# Wedding morning ride?



## alaskarider (Aug 31, 2004)

My fiance and I are getting married in a couple of weeks. Given my "nearly useless" status at work these days, I thought I'd entertain myself by taking a poll to see how the wise women of the women's lounge (and any male lurkers) recommend I spend my wedding morning. Relevant info: the ceremony starts at 12:30 pm and is outdoors on some xc ski/mtb trails.

The poll feature doesn't allow me to elaborate as much as I'd like on the options, so here they are in more detail:
*
Option 1:* Wake up early. Blow the equivalent of my XTR disc brakes/shifters on my hairstylist, make-up artist, manicurist, and pedicurist. After all, I'll be able to buy all sorts of new bike stuff with all the wedding gift money, right? And I'll only get married once, right? Right?
*
Option 2:* Wake up late. Dismiss all superstition and go for a quiet ride with the groom (who is definitely not an early bird). Rush around after the ride to shower, dress, and make sure my hair is at least dry before the ceremony.
*
Option 3:* Wake up early. Organize (and demand that I win-I'm the bride, dammit!) an informal race among all the mtb-ing wedding guests, then skip the shower, pull off the riding clothes, pull on the dress, and arrive flushed and a few minutes late to the ceremony.
*
Option 4:* Wake up late. Realize that I have neglected to hire a limo, so don riding clothes and ride from the lodge to the ceremony site and straight up the aisle. After all, the blue of my bike frame nicely matches the sapphires on my engagement ring. Isn't that what they mean by having a "wedding color"? Then, practice my trackstand during the vows.


----------



## gabrielle (Jan 2, 2005)

Hrm...tossup between 3 & 4 from here.

gabrielle


----------



## Christine (Feb 11, 2004)

Tough call, mainly since you *had* to mention "getting married is a once-in-a-lifetime thing." That throws me off!

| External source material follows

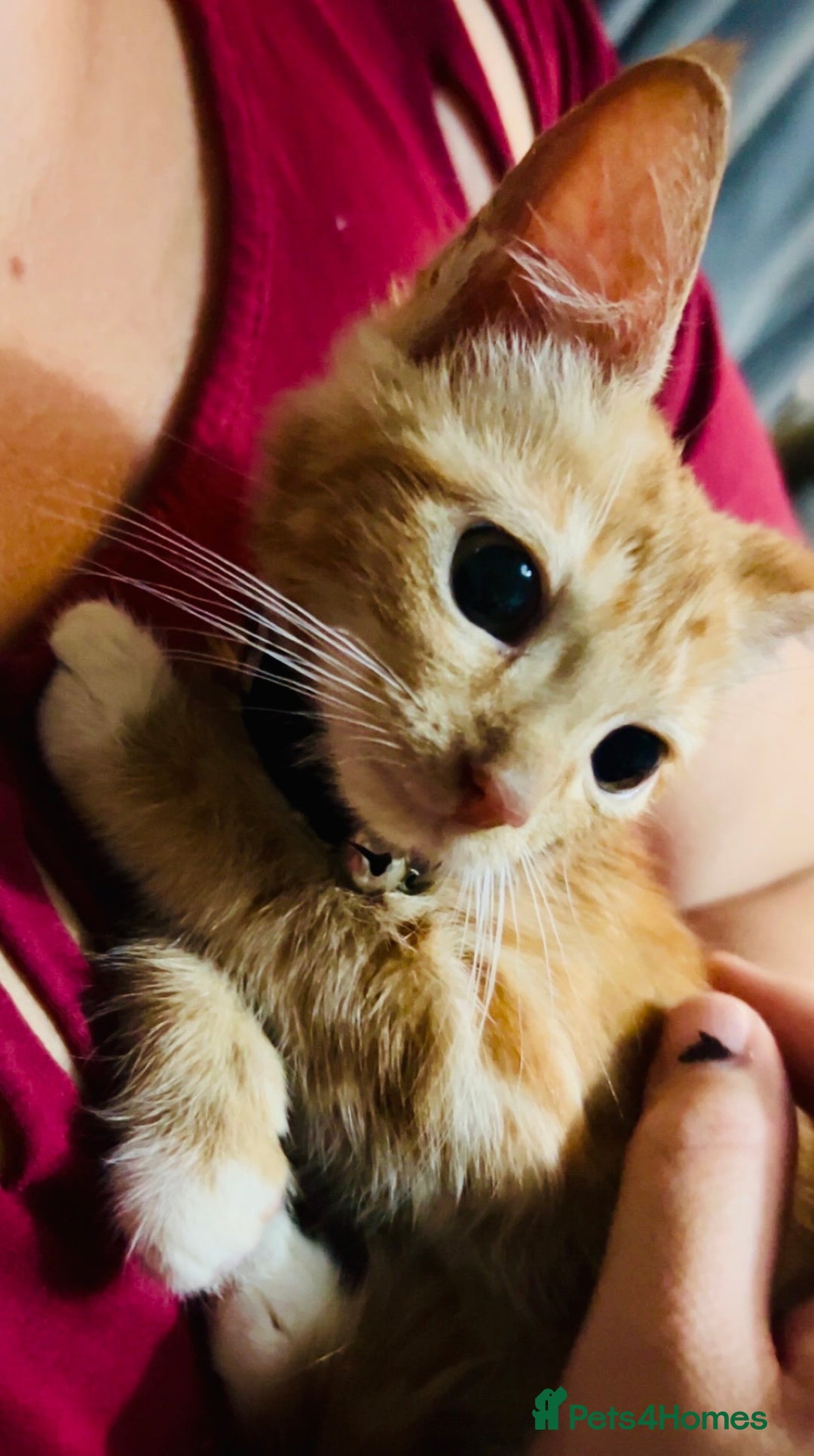 Mixed Breed cats for sale: Ginger female kitten - Image 6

So I say, get up early, go for a long, challenging ride, shower and let the experts handle the makeup/hair crap. Any wounds and bruises you get can be airbrushed so make sure you have a kick-ass time on that ride and stir up some serious endorphins in time for the ceremony!!

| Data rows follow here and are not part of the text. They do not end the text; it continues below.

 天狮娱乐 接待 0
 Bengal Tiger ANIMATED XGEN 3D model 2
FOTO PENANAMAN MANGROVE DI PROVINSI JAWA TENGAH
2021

Then enjoy the reception without guilt. Especially since you've been riding every day up to the ceremony.........right?


----------



## catzilla (Jan 31, 2004)

Here go my experience:

Like you, we were married at the park where we were stewards of our trails for years. We opted for our Buick Roadmaster instead of a limo. We were dressed to the nines, but that didn't stop me from washing all of the makeup off just before the wedding.

"Seriously, didn't I ask the makeup dude NOT to make me look like a tranny?"

By the end of the ceremony, the Rock-a-billy band had played everything from Cash's _Delia_ to the Beatles _I Want You_. Everyone had stuffed themselves on liquor and BBQ. My dress had a foot of mud all around the bottom.

It was perfect.

That being said, though I was as cool as could be throughout the preparations, I still couldn't have ridden that morning if my wedding bra had depended on it. We opted for nature instead of flower arrangements, and personal photos instead of, well, more ****ing flower arrangements. If it rained, which it did, I figured, "Good! No point in paying for those tents if we don't get to put them to use!"

So, yeah, I was cool.

And yet, for who knows what reason, I couldn't eat. I barely slept. My stomach was in knots. I was excited, I was nervous.

If I had ridden, I would have faceplanted just mounting the bike.

Just saying, go for it. Plan on riding your ass off. By virtue of of doing what feels right, you'll be doing the right thing. But, when the time comes, if you don't have time, or don't have enough food in your belly, don't worry about rescheduling.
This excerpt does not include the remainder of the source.